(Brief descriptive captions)
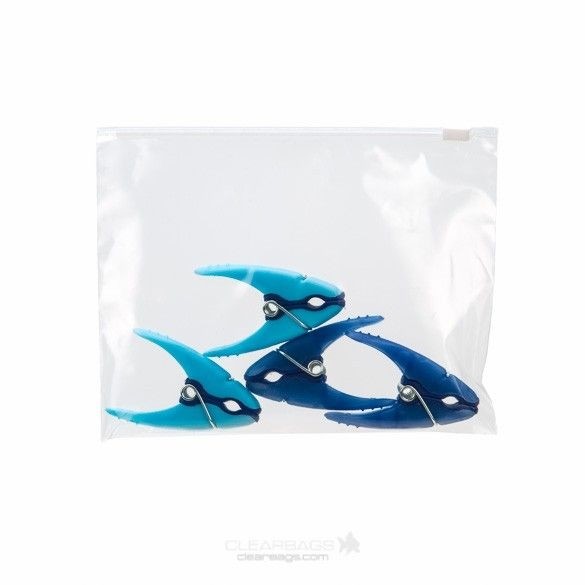 Grip Seal Bags with sliding Zipper 20x15cm 75 micron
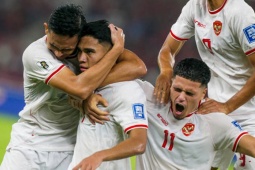 Khoảnh khắc Indonesia vỡ òa sau trận thắng lịch sử ở vòng loại World Cup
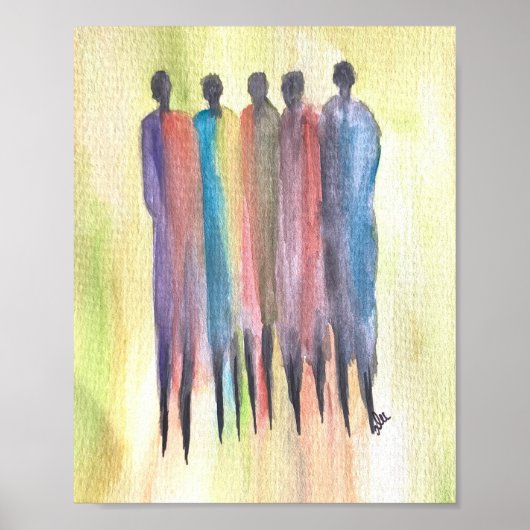 KINGSMEN Premium Canvas Poster (8x10) (Voorkant)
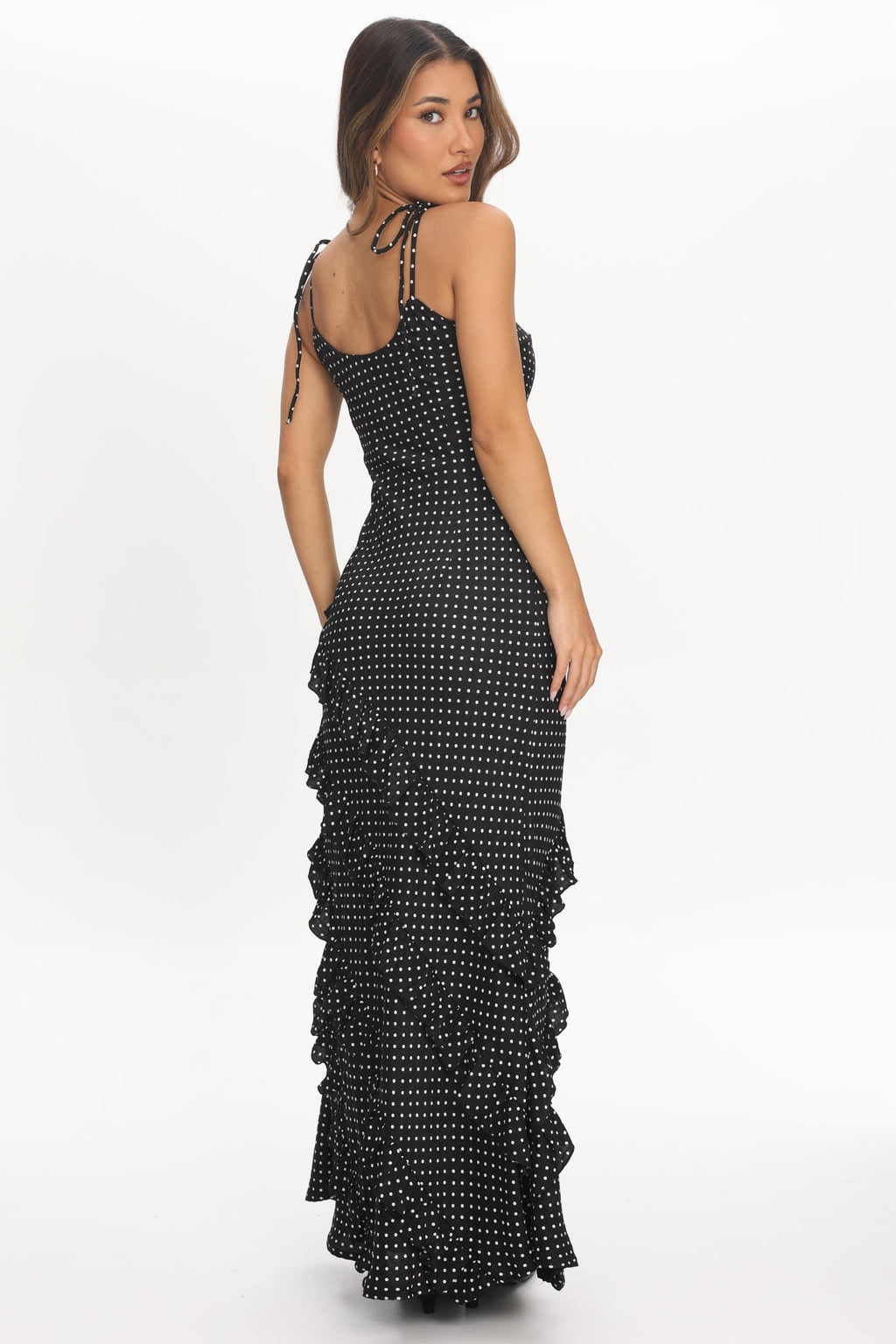 After Dark Polka Dot Maxi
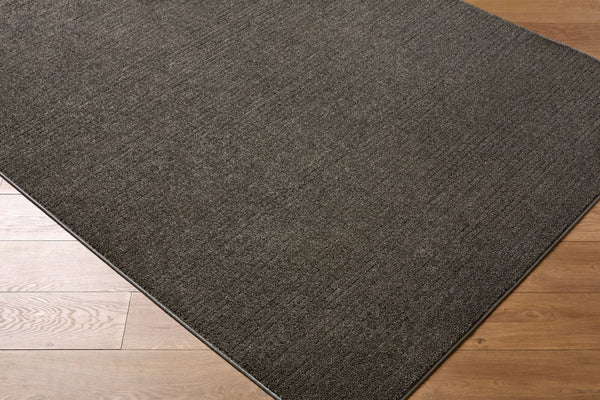 Livabliss Maribor Turkish Woven Polyester Area Rug Minimalist Modern Style for Living Rooms Black 9'2" x 12' MOB2300-9212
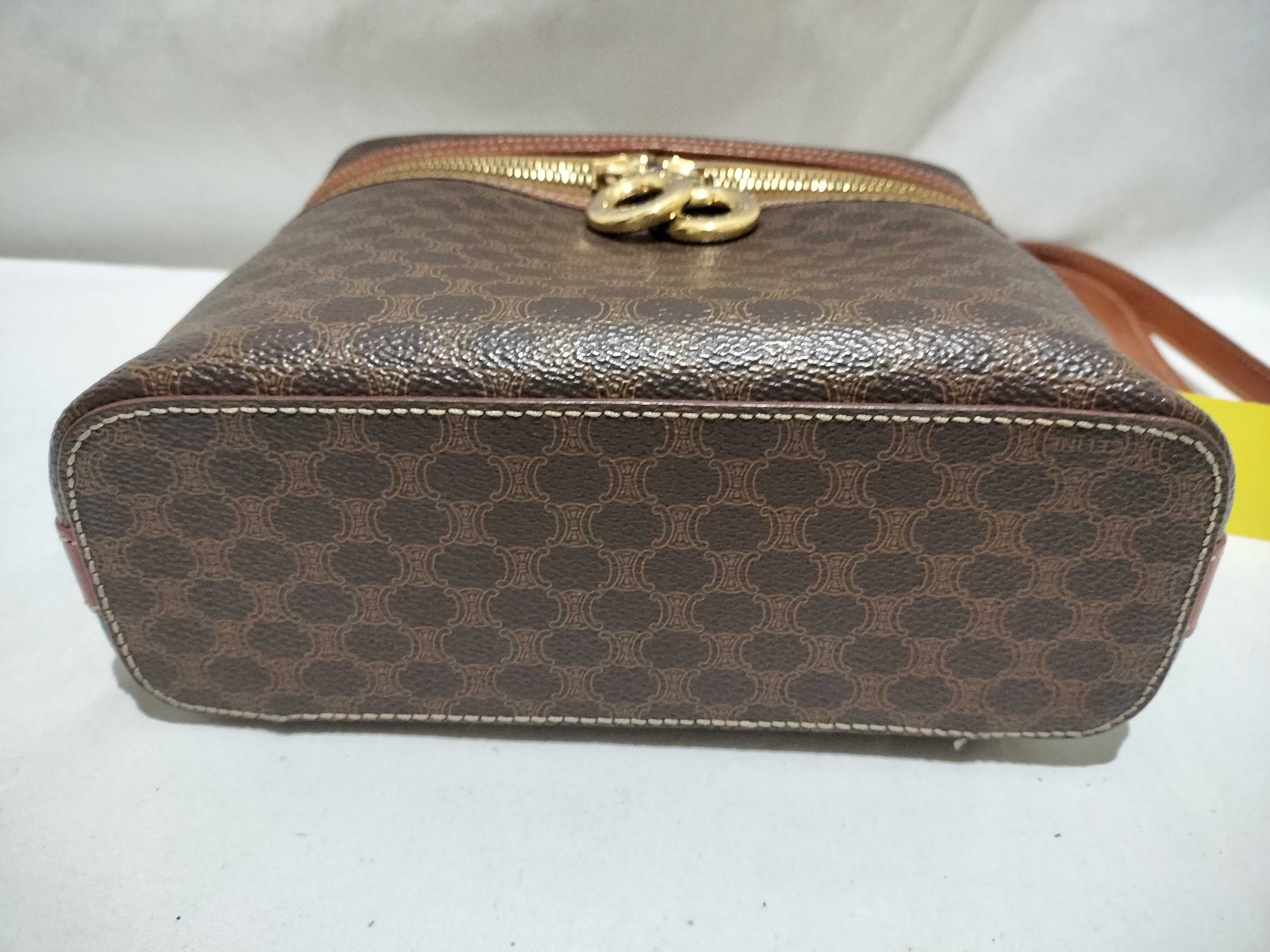 【水曜終了】(10709_0062)CELINE 2way ショルダー ハンド バニティ ショルダーバッグ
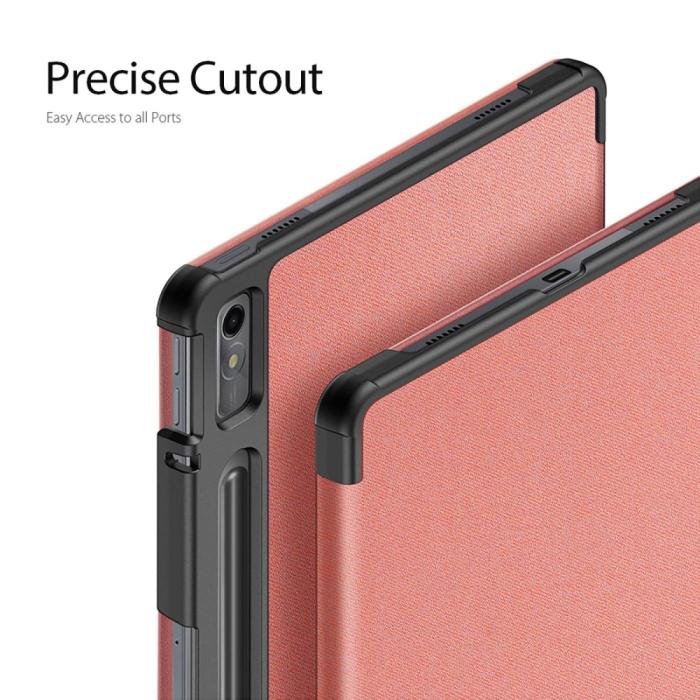 Bild 4, DUX DUCIS DUX DUCIS Lenovo Tab P11 Pro Gen 2 Fodral DOMO Tri-Fold Roséguld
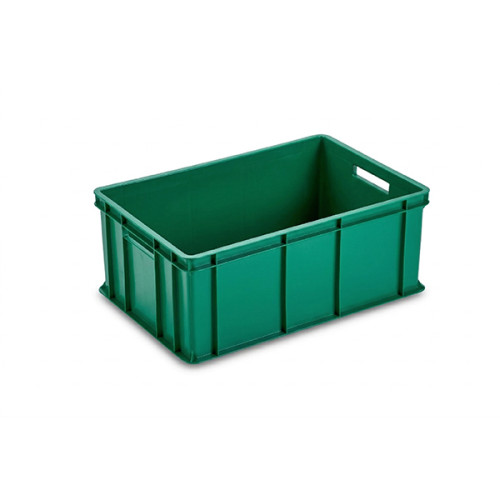 Bac alimentaire plein 60x40x24 cm - 50L PEHD vert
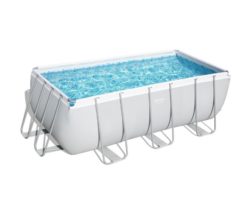 Bestway 56456 - Trascorri le giornate di bel tempo divertendoti nel totale relax con questo set da piscina Power Steel!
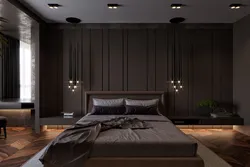 Light Dark Bedroom Design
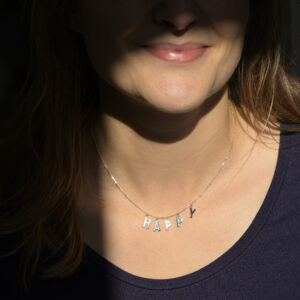 Happy necklace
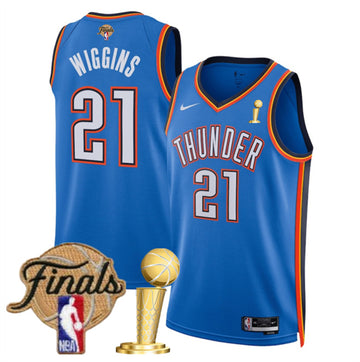 Aaron Wiggins Oklahoma City Thunder blue jersey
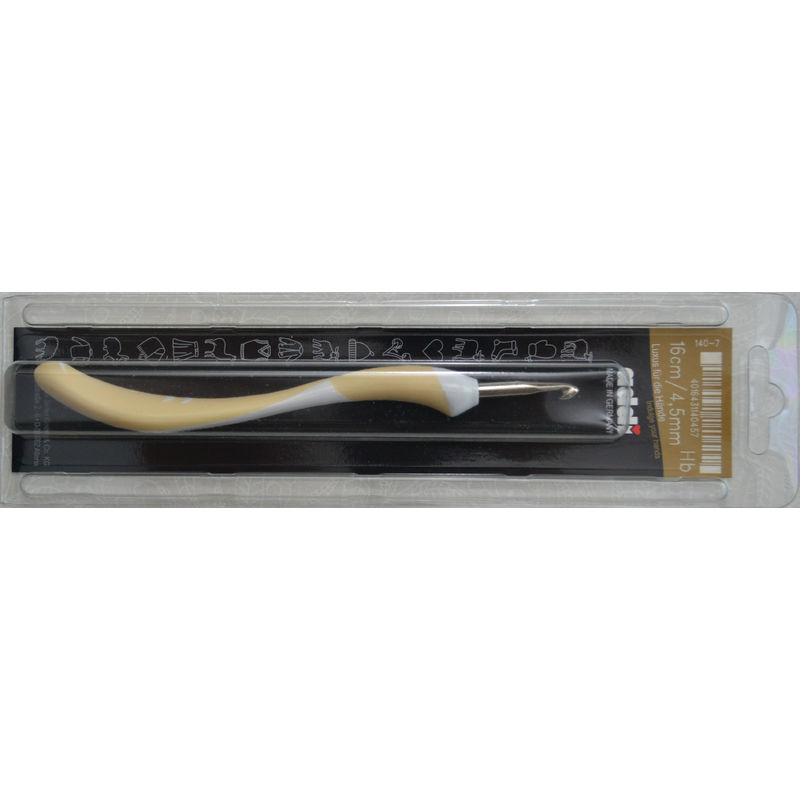 Addi Crochet Hook 16cm x 4.50mm Addiswing Aluminium Ergonomic Maxi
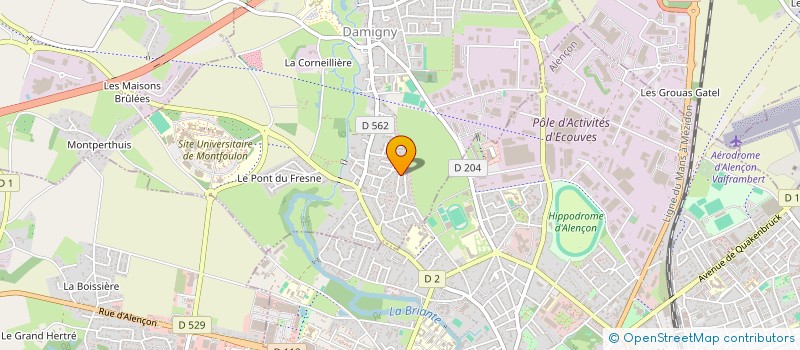 localisation de l'entreprise FAMILLE LEBRUN à DAMIGNY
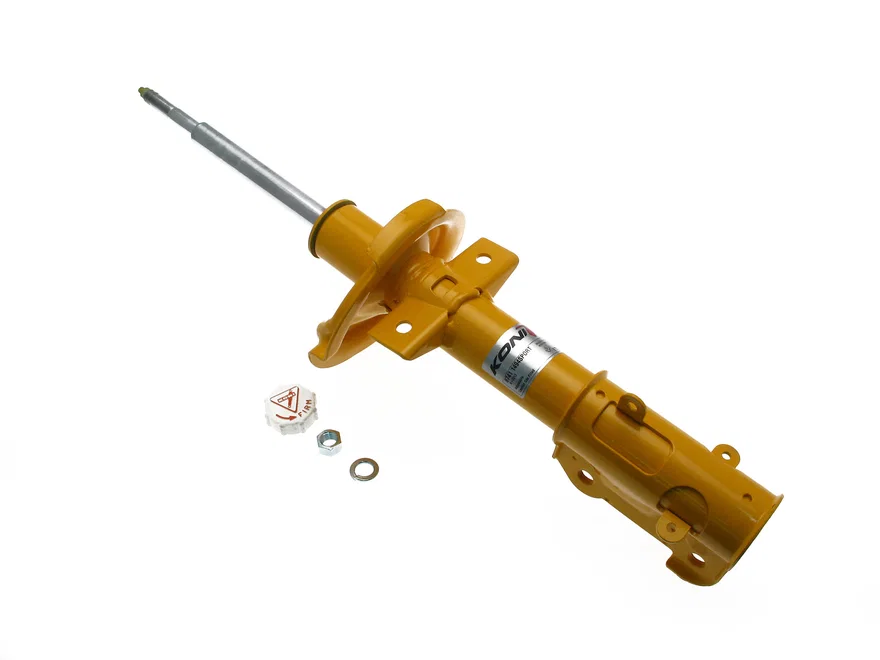 Front Sport (yellow) 8741- externally adjustable, low pressure gas full strut for Ford Mustang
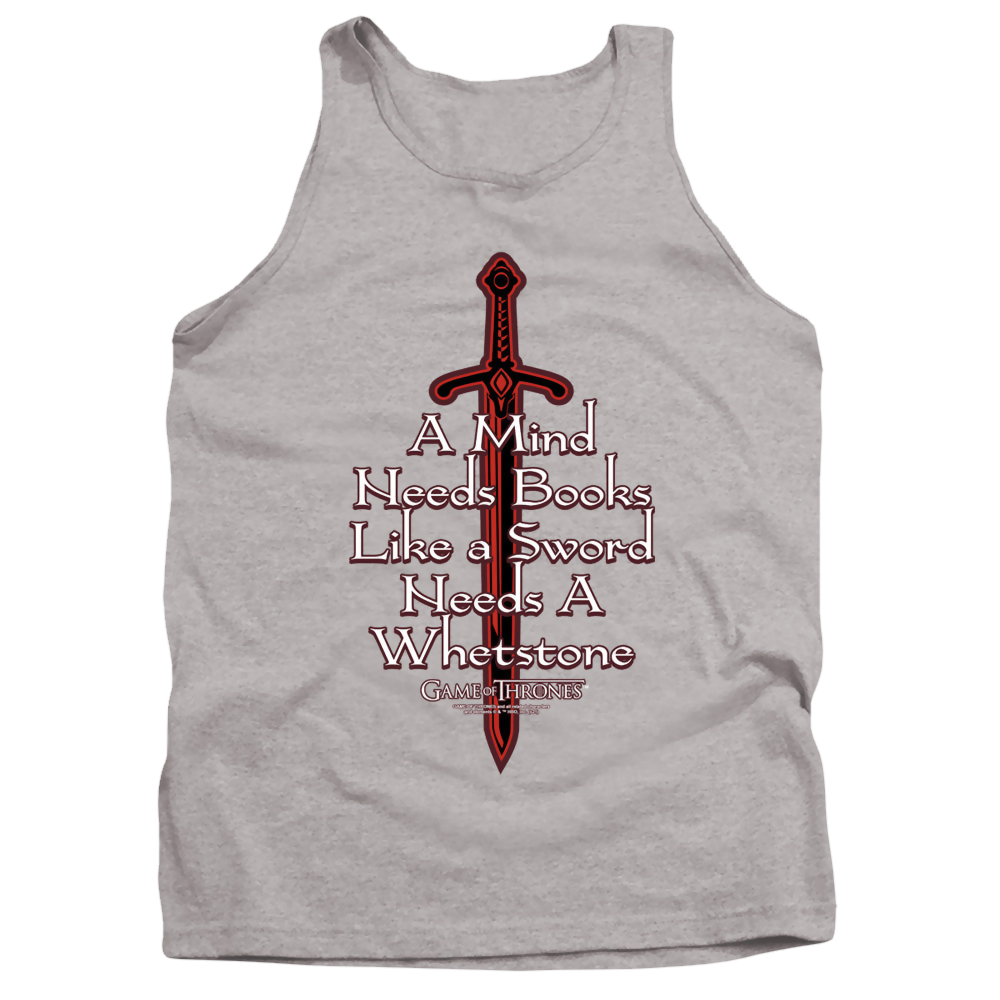 Game of Thrones The Mind Needs Books - Men's Tank Top Men's Tank Game of Thrones   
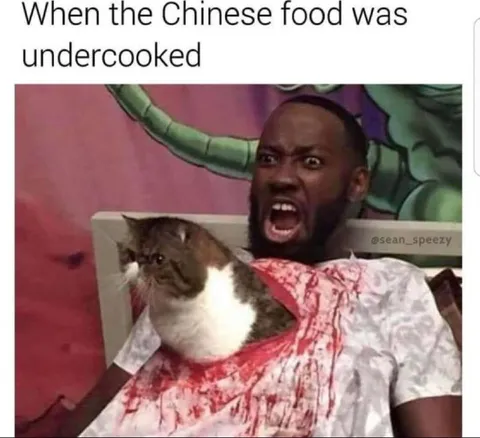 Undercooked Chinese Food Reaction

EXERCISE:
Print, with pictures removed, exactly the lines of the records above from the top through the line containing "After Dark Polka Dot Maxi".

EXERCISE ANSWER:
 Grip Seal Bags with sliding Zipper 20x15cm 75 micron
 Khoảnh khắc Indonesia vỡ òa sau trận thắng lịch sử ở vòng loại World Cup
 KINGSMEN Premium Canvas Poster (8x10) (Voorkant)
 After Dark Polka Dot Maxi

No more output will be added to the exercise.